In fact the last time the UK found itself with similar numbers to the ones predicted by the pollsters for May 7, it ended with the largest “progressive” party reaching an accommodation with a nationalist party. In January 1910, the electorate returned a hung parliament, with the Liberals and Conservatives effectively tied on 274 and 272 seats respectively; another election in December then repeated the trick. The balance of power was held by the Irish Parliamentary Party, led by John Redmond, which won over 70 seats in each election. In return for a guarantee on Home Rule for Ireland, Redmond allowed the Liberal leader Herbert Asquith to remain as prime minister. That gave the Asquith government the chance to continue its radical reforming agenda. In 1911 the government introduced the National Insurance Act, the foundation of the welfare state, and the Parliament Act, the foundation of the modern constitutional settlement in Britain—thereby demonstrating that a government can still enact sweeping legislation even without a single-party mandate in the House of Commons.
Early in the 2015 election campaign there was speculation, fiercely denied by the SNP leader, that Sturgeon wanted Cameron to “remain in 10 Downing Street.” More likely, she will offer Miliband the opportunity to play H.H. Asquith. Here the Labour leader’s own limited experience of political life counts against him. He has worked in government both as an adviser and a minister, but he did so from the comfort zone of three strong majorities secured by Tony Blair in 1997, 2001 and 2005.

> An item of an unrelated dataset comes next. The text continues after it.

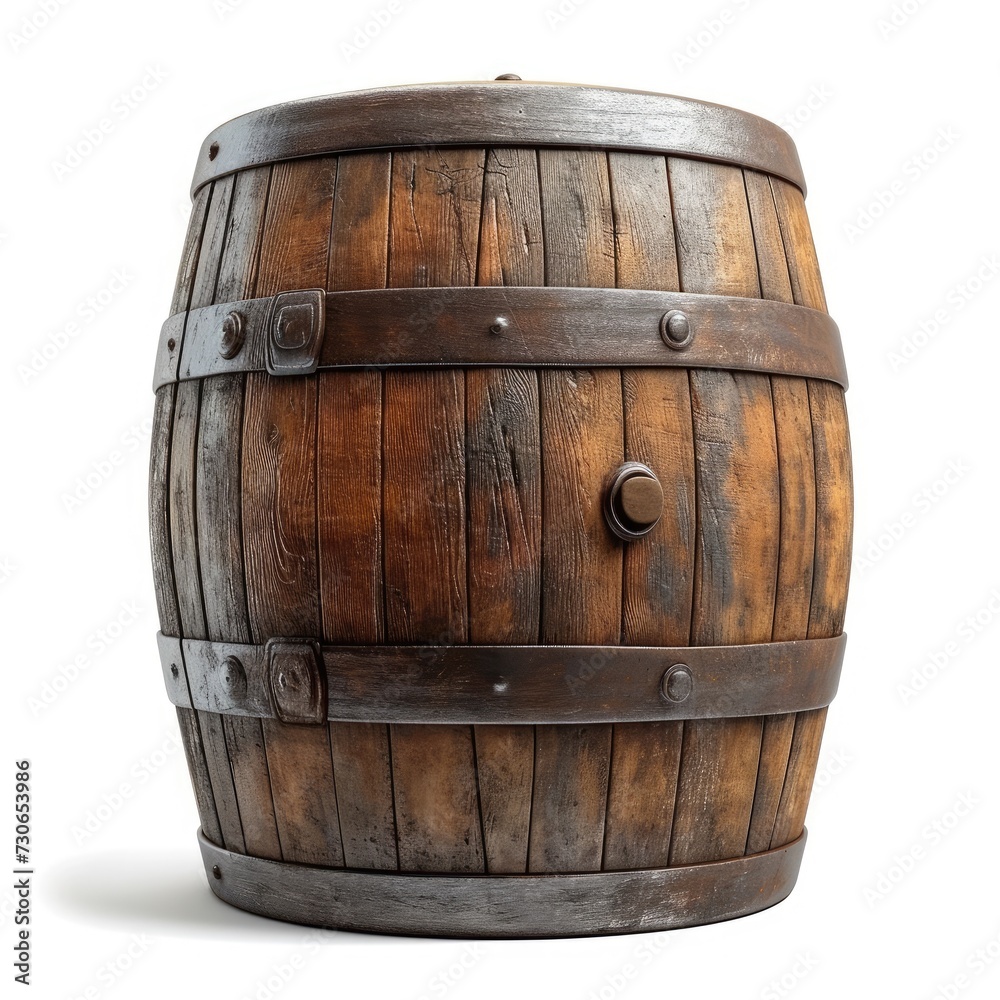 Fototapeta premium Oak wooden barrel, vintage charm for rustic decor. Aged character, Ai Generated.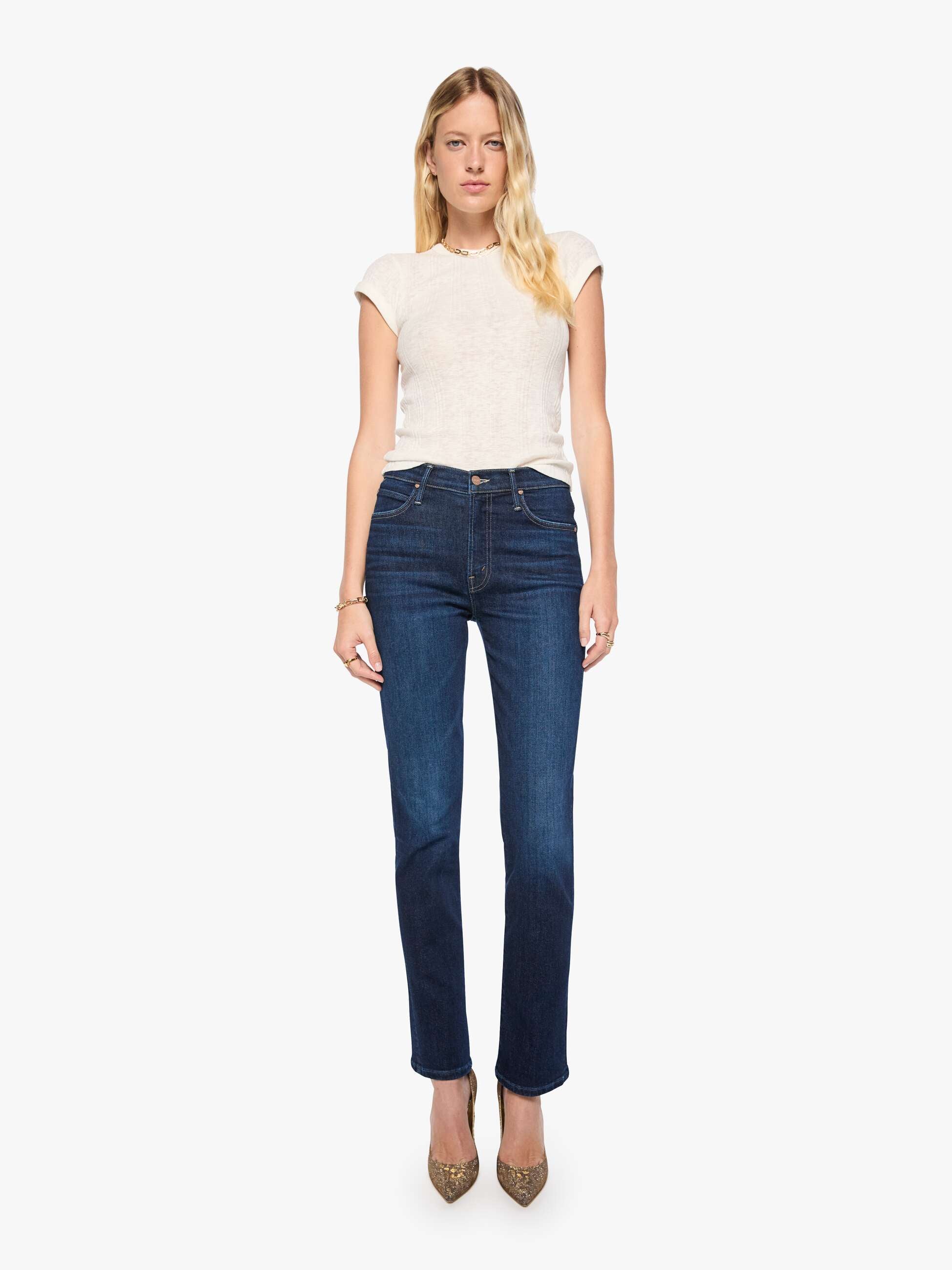 Mother The Rascal Skimp Straight Jeans Hard Stop Honey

Older Labour hands, however, still remember the nightmare of the late 1970s as the party attempted to govern without a majority. Such was the desperation of the times that a Labour backbencher, Sir Alfred Broughton, fought valiantly but unsuccessfully on the night of 28 March 1979 to leave his deathbed and attend the House of Commons to save the government on a confidence vote. The government fell and Broughton died a few days afterwards. Margaret Thatcher won the subsequent election in May 1979; Labour remained out of office for the next eighteen years. When Ed Miliband wakes up on Friday morning, he may look at the numbers and reflect that there are worse things in political life than working with Nicola Sturgeon and the Scottish Nationalists. As Asquith himself was fond of saying, “Wait and see.”